Table 1 Participant information

Detection Task

Eleven individuals with a clinical diagnosis of ASD were recruited for this experiment. The same TD individuals participated in the detection and TOJ experiments. The FSIQ (WAIS-III) of participants in both groups was above 80. There were no significant differences in age, verbal IQ, performance IQ, and FSIQ between the two groups (verbal IQ: t (21) = − 1.87, p = 0.08, Cohen’s d = 0.78, performance IQ: t (21) = − 1.44, p = 0.17, Cohen’s d = 0.6, FSIQ: t (21) = − 1.2, p = 0.24, Cohen’s d = 0.51). All participants and their parents gave written informed consent after the study procedures had been fully explained.

Procedure

We administered the two behavioural tasks on different days; the TOJ task was administered on day 1, and the detection task on day 2. The temporal resolution and detection threshold and sensitivity to vibrotactile stimuli were estimated from the responses in the TOJ and detection tasks, respectively. In addition, the degree of atypical sensory processing was assessed using a self-report questionnaire (Adolescent/Adult Sensory Profile, or AASP).
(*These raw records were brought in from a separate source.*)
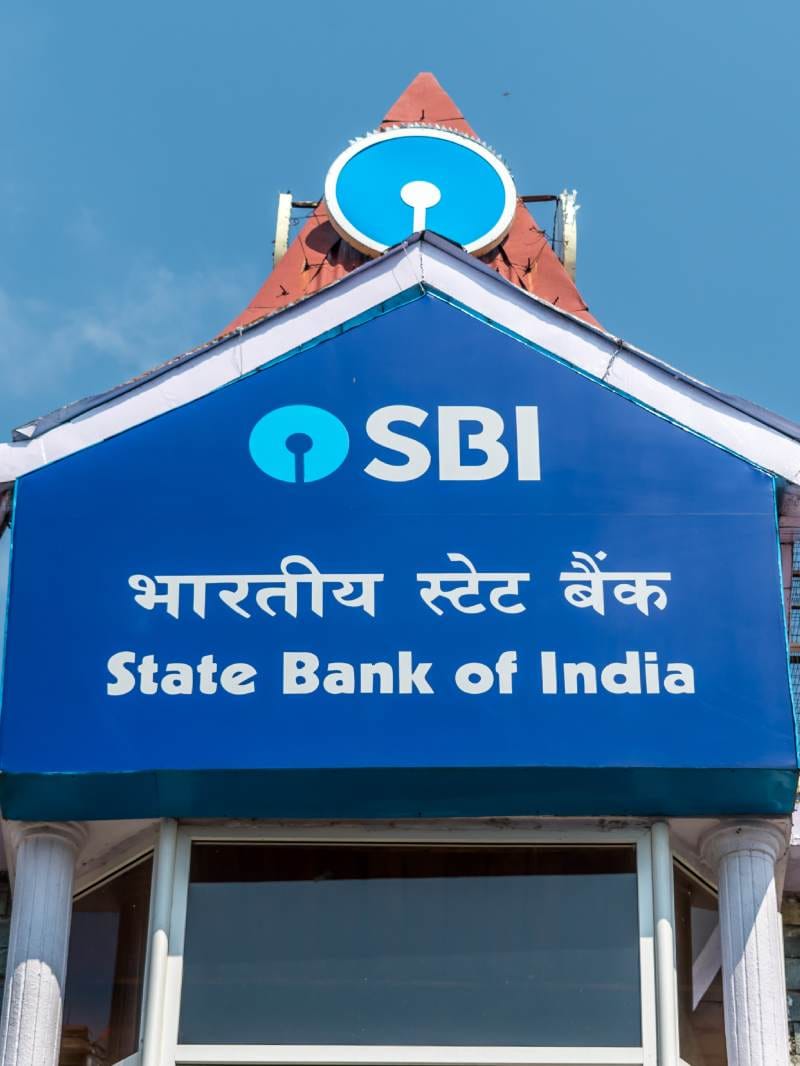 SBI appoints junior associates, a major initiative to improve customer experience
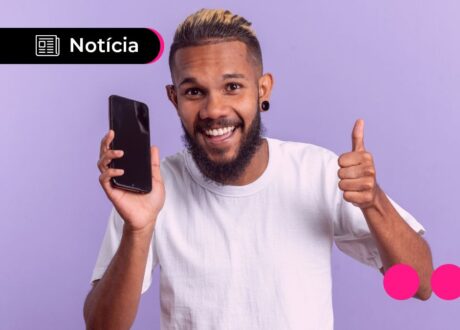 Governo libera FGTS retido de trabalhadores do Saque-Aniversário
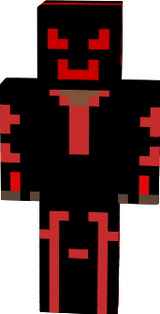 bugad01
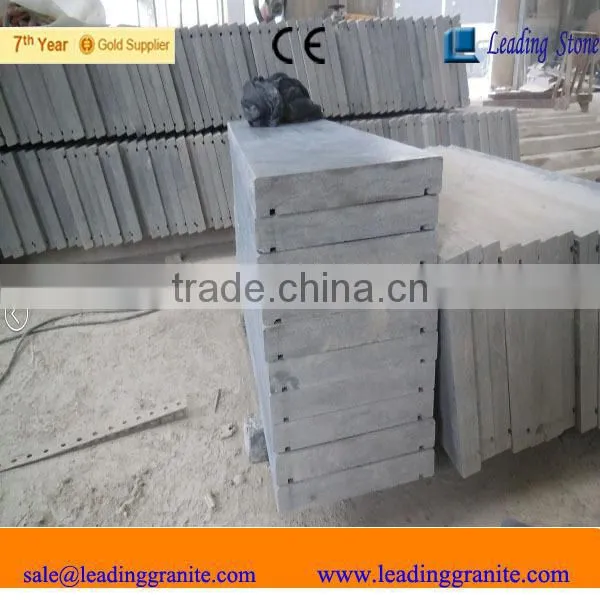 Wholesale Natural Stone Exterior Wall Cladding& Wall Stone /wall Covering photo-2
Temporal Order Judgement Task

Solenoid skin contactors (FR-2007-2α, Uchida Denshi, Tokyo, Japan) were used to deliver vibrotactile stimulation (Fig. 1a). We used two frequencies of vibration (40 and 200 Hz) because Blakemore et al. (2006) reported that different responses in individuals with ASD show lower detection threshold in 200 Hz vibrotactile stimuli. It is possible that there are different response traits depending on the type of mechanoreceptors (the Pacinian and Meissner corpuscles respond to 40 and 200 Hz stimuli, respectively). The displacement (2 µm) and duration (50 ms) of the vibrations were measured by the laser displacement meter (LK-G15, KEYENCE, Osaka, Japan). White noise was presented through headphones (HD380PRO, SENNHEISER, Wedemark, Germany).

Fig. 1
figure 1

a Schematic representation of the TOJ task. Vibrotactile stimulation was delivered to both index fingers with a range of SOAs. The participants determined the order of the stimuli and responded by pressing a key with their middle fingers. b The temporal resolutions in the ASD and TD groups for the 40- and 200-Hz conditions. The error bars denote standard errors of the means

We successively delivered brief vibrotactile stimuli to the ventral surface of the participant’s left and right index fingers placed 20 cm apart, with stimulus onset asynchronies (SOAs) ranging from − 240 to 240 ms (± 15, 30, 60, 120, 240 ms), each repeated 12 times. Positive values indicate that the vibrotactile stimulus was delivered on the right index finger. Thus, each block consisted of 120 trials in each of the 40- and 200-Hz conditions (240 trials in total). The inter-stimulus intervals were randomly selected to be between 1.5 and 2.5 s. The participants were asked to determine the side to which the second stimulus was presented and respond by pressing a key as soon as possible. When the reaction time was larger than 5000 ms or the participants responded before the second stimulus, the response was excluded from the data and an additional trial was inserted at the end of the condition.

Detection Task

The Piezo skin contactor (FPZT-2015-1, Uchida Denshi, Tokyo, Japan) was used to deliver vibrotactile stimulation of two frequencies (40 and 200 Hz) (Fig. 3a), with stimulus displacements of 0, 1, 3, 6, 9, 12, 15, 18, 21, 24, 27, or 30 µm and duration of 500 ms, as measured by a laser displacement meter. White noise was presented through headphones.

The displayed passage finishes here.